Using AI in Electrocardiogram Analysis Can Improve Diagnosis and Treatment of Hypertrophic Cardiomyopathy

UCSF Study Points to Potential Benefits for Remote Monitoring of the Condition

By Melinda Krigel

Headshot of Geoffrey Tison
Lead Author Geoffrey Tison, MD, MPH, UCSF Division of Cardiology. Image by Marco Sanchez

Hypertrophic cardiomyopathy (HCM) is a leading cause of sudden death in adolescents and initial detection is often difficult. A new UC San Francisco study finds that Artificial Intelligence-enhanced (AI)-Electrocardiograms (ECG) may help identify the condition in its earliest stages and monitor important disease-related changes over time.

The research led by Geoffrey Tison, MD, MPH, in the UCSF Division of Cardiology, was a collaboration between UCSF, the Mayo Clinic and Myokardia Inc. In their study, published in the March 7 issue of the Journal of the American Academy of Cardiology, the authors demonstrated that AI analysis of ECGs can not only accurately predict the diagnosis of HCM, but also that AI-ECG correlates longitudinally with cardiac pressures and lab measurements related to HCM.

This study shows that AI analysis can capture far more information from ECGs related to obstructive HCM pathophysiology than is currently gained by manual ECG interpretation and is the first study to show that AI analysis of ECGs can potentially be used to monitor disease-related physiologic and hemodynamic measurements.

The researchers applied two separate AI-ECG algorithms from UCSF and Mayo Clinic to pre-treatment and on-treatment ECGs from the phase-2 PIONEER- OLE clinical trial (a clinical trial for treatment with the HCM drug Mavacamten in adults with symptomatic obstructive HCM).

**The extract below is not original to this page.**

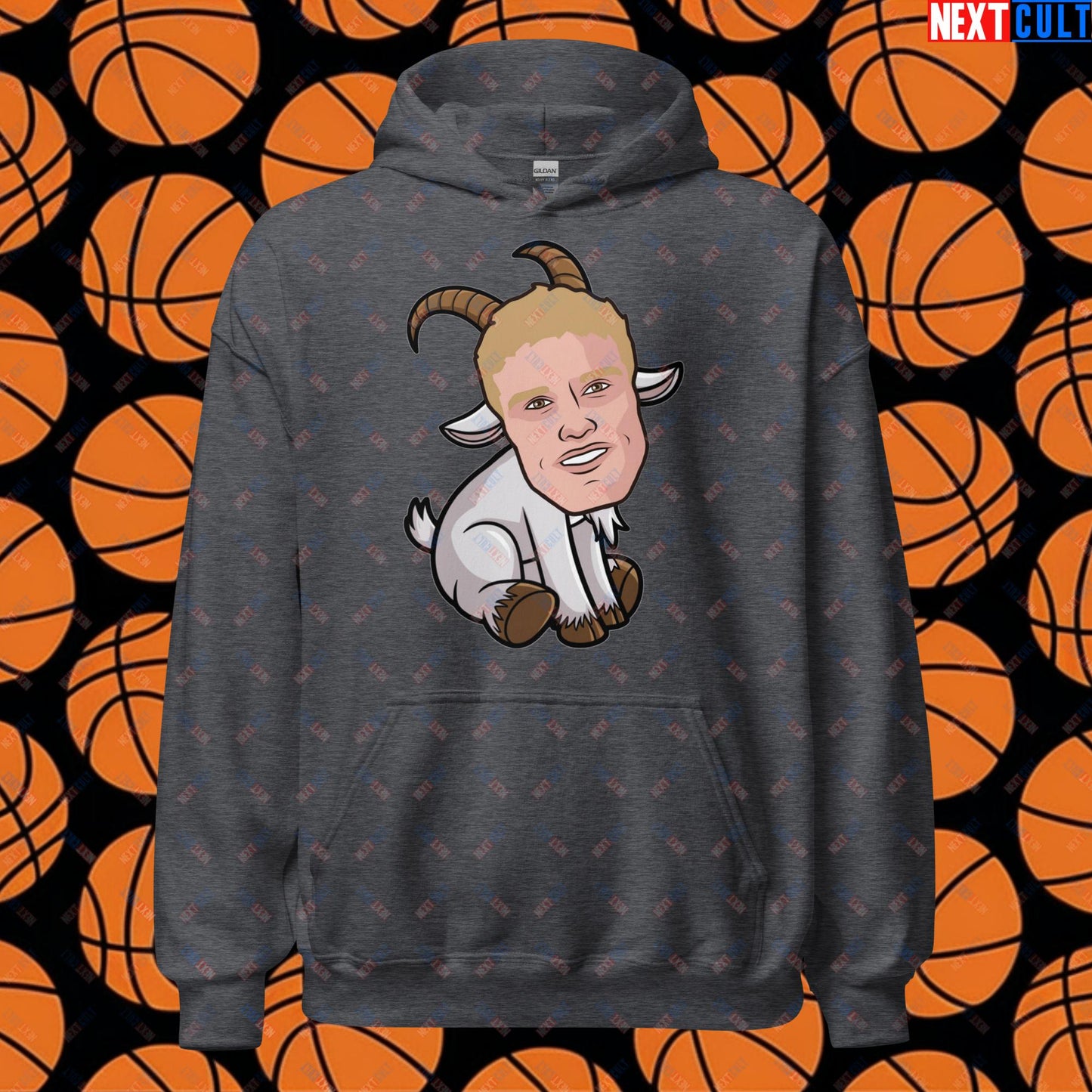 Lauri Markkanen GOAT Hoodie - Funny Basketball Meme Sweatshirt - Greatest of All Time Pullover for Basketball Fans - Perfect Gift for Lauri Markkanen Fans Unisex Hoodie Dark Heather Hoodies Basketball G.O.A.T. Lauri Markkanen NBA Utah Jazz Next Cult Brand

After showing that both algorithms accurately detected HCM in clinical trial data without additional training, they then showed that AI-ECG HCM scores correlated longitudinally with disease status as measured by decreases over time in left ventricular outflow tract gradients and natriuretic peptide (NT-proBNP) levels in these patients.

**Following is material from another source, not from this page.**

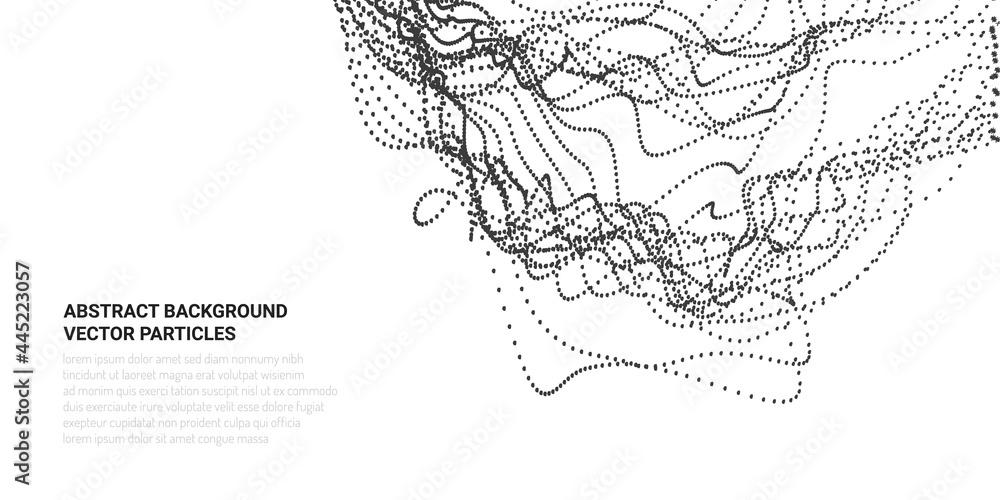Poster abstract 3d image with particle flow movement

The longitudinal associations of the AI-ECG HCM score were significant and likely reflected changes in the raw ECG waveform that were detectable by AI-ECGs and correlated with HCM disease pathophysiology and severity. AI-ECG’s potential is broadened by the fact that ECGs can now be measured remotely via smartphone-enabled electrodes and may permit remote assessment of disease progression as well as drug treatment response.

The authors suggest that future studies are needed to determine whether AI-ECGs can track disease status and be used as a guide for drug measurement to enhance safety.

Authors: First author Geoffrey H. Tison, MD, was joined by Sean Abreau, MSc and Jeffrey E. Olgin, MD of UCSF; Konstantinos C. Siontis, MD, Zachi Attia, PhD, Paul A. Friedman, MD, Peter A. Noseworthy, MD, of the Mayo Clinic; Priyanka Agarwal, MD, MBA, Aarthi Balasubramanyam, MS, Yunfan Li, PhD, Jay M. Edelberg, MD, PhD, and Amy J. Sehnert, MD of Myokardia Inc. a wholly owned subsidiary of Bristol Myers Squibb.

Funding: Dr. Tison received support for this work from the National Institutes of Health NHLBI K23HL135274. The Tison lab (tison.ucsf.edu) received funding from MyoKardia, Inc. a wholly owned subsidiary of Bristol Myers Squibb to support this analysis. The work to derive the Mayo Clinic AI-ECG algorithm was funded by the Louis V. Gerstner, Jr. Fund at Vanguard Charitable. The PIONEER-OLE study was funded by MyoKardia. Additional funding information can be viewed in the study’s acknowledgments section.